Police searching a landfill site in Milton in March
Police searching a landfill site in Milton in March. Photograph: Chris Radburn/PA

A police force is resuming a search of a landfill site in an effort to find a missing RAF serviceman, Corrie McKeague, after calling off the hunt three months ago.

McKeague, 23, vanished after a night out with friends in Bury St Edmunds last year. He was last seen on CCTV in the early hours of 24 September walking into a bin loading bay in Brentgovel Street.

A bin lorry was seen on CCTV near Brentgovel Street around the time McKeague was last seen, and it took a route that appeared to coincide with the movements of McKeague’s mobile phone signal.

Suffolk police called off the search of a landfill site at Milton, Cambridgeshire, after four months of excavating turned up no evidence of his body. The decision was met with criticism from McKeague’s mother, Nicola Urquhart, who said it showed the force had “given up on finding Corrie”.

This month the force said that after rechecking the available information, officers had concluded the area was “still the location where there was the highest likelihood of finding Corrie” and it would resume the search.

The latest phase will will concentrate on an area next to the site of the earlier search and could take six weeks, the force said.

Suffolk police have already spent more than £1m investigating the disappearance.

Det Supt Katie Elliott said: “We have spoken to Corrie’s mum and dad to explain our decision and share in detail the reasons behind it. We will, of course, continue to work together with Corrie’s family as the inquiry progresses. We can only hope that over the coming weeks the resumption of the search brings the answers that we are all hoping for and especially, of course, for Nicola [Urquhart, McKeague’s mother] and [his father] Martin.”
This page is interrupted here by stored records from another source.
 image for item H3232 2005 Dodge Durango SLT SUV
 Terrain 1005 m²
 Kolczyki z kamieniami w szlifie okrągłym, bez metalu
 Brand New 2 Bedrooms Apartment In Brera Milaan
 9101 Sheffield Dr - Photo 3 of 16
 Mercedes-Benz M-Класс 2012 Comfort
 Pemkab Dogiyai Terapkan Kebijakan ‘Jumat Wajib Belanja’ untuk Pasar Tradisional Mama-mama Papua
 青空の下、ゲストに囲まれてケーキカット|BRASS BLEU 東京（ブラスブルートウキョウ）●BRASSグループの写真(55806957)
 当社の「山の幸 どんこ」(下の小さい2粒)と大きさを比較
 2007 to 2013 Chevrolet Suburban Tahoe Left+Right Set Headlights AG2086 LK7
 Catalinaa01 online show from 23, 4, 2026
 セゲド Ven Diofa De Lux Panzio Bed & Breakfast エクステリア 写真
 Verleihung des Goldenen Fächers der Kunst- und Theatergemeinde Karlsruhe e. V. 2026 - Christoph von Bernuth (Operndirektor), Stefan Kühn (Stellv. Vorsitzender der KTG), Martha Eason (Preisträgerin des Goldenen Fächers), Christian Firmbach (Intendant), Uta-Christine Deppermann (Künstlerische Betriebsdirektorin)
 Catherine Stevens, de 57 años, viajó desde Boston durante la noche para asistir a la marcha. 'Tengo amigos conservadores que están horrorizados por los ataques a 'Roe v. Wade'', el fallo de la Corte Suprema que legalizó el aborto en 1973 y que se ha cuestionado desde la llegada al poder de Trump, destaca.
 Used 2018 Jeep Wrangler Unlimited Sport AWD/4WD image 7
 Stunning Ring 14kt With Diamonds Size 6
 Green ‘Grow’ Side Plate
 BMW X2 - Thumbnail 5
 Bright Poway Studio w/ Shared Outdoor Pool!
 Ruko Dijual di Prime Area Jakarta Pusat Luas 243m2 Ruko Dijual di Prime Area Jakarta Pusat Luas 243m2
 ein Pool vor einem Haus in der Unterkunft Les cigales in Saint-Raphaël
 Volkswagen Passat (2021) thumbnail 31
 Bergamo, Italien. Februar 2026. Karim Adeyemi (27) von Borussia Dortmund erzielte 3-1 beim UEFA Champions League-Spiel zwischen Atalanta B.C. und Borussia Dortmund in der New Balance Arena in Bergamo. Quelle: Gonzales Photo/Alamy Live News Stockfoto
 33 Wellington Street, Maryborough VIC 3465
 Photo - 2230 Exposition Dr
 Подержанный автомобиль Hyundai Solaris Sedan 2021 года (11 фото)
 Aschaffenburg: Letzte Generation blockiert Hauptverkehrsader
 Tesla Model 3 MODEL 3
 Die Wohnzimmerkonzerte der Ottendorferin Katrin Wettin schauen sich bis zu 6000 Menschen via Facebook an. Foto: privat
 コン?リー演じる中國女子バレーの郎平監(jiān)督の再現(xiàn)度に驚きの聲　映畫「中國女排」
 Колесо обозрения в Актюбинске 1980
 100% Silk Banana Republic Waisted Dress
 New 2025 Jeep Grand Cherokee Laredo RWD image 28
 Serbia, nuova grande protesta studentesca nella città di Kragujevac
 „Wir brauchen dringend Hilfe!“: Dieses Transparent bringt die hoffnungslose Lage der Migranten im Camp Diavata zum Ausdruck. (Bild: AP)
McKeague’s girlfriend, April Oliver, announced in June that the missing serviceman had become a father with the birth of their daughter.

Last month, a year after he went missing, his mother led a group of about 30 people around the town centre in an attempt to generate new leads. CCTV images of four men believed to have interacted with McKeague on the night he disappeared were released in September.